Salah, who walked free after serving a 16-month sentence, heads a group known as the northern branch of the Islamic Movement in Israel.

The political wing of the movement’s southern branch, called Raam, is headed by Mansour Abbas, who in June agreed to support a government headed by right-wing Israeli Prime Minister Naftali Bennett, backing that enabled Bennett to form a government.

The Islamic movement in Israel split in 1996.

Salah’s group was outlawed in 2015 for incitement linked to the Jerusalem holy site.

His supporters say his sermons are within the bounds of free speech and that his arrests constitute political intimidation intended to silence dissent.
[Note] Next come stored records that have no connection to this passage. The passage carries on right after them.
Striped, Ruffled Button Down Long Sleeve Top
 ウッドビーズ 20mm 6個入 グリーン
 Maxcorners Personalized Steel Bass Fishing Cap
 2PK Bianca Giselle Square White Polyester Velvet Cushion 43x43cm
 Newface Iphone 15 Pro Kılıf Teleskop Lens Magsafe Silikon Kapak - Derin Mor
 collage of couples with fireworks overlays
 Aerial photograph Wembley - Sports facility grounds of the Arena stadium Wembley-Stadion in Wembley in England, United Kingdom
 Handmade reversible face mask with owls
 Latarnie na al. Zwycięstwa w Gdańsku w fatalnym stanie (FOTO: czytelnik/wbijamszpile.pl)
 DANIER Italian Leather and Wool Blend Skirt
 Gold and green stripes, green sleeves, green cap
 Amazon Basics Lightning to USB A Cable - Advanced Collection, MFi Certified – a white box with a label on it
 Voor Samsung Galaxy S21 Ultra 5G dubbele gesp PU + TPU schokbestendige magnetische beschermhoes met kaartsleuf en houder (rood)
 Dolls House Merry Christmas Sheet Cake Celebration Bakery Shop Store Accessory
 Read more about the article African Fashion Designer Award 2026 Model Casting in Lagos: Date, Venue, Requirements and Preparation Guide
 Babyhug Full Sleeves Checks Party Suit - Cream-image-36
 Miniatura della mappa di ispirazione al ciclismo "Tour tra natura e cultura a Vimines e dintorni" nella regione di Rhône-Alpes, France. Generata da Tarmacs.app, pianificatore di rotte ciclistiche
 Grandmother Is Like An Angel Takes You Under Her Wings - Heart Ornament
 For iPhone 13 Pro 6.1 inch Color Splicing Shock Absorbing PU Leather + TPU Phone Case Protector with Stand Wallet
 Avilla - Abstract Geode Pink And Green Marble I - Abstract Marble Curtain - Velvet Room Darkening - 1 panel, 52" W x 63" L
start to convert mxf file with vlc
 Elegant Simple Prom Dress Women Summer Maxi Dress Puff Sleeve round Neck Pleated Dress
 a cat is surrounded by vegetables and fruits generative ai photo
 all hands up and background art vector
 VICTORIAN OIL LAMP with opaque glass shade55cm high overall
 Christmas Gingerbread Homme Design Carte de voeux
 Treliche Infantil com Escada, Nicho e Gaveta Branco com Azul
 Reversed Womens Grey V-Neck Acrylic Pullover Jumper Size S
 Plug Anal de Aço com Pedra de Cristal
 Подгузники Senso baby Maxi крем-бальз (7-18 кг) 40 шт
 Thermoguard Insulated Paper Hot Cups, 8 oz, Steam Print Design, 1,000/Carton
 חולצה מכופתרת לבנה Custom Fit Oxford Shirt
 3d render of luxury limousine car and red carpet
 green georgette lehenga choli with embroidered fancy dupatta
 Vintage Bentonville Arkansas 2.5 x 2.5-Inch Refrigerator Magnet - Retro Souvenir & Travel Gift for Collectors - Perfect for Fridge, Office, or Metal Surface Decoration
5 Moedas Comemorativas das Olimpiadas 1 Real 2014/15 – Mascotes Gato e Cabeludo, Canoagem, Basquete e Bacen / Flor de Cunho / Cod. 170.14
Salah served a nine-month sentence on similar charges in 2017.

Salah’s movement calls for the boycott of Israeli elections by Palestinian citizens of Israel on the grounds that they give legitimacy to the institutions of Israel.

Before Israel’s March election, Abbas said his party was willing to work with any Israeli government that would take steps to improve the lives of Arab citizens, who have long complained of unequal treatment compared to Jewish Israelis.

Abbas then emerged as a surprise kingmaker and joined the coalition in a historic deal that included a multi-billion dollar pledge to tackle some of the problems experienced by Palestinian citizens of Israel, who constitute more than 20 percent of the country’s population.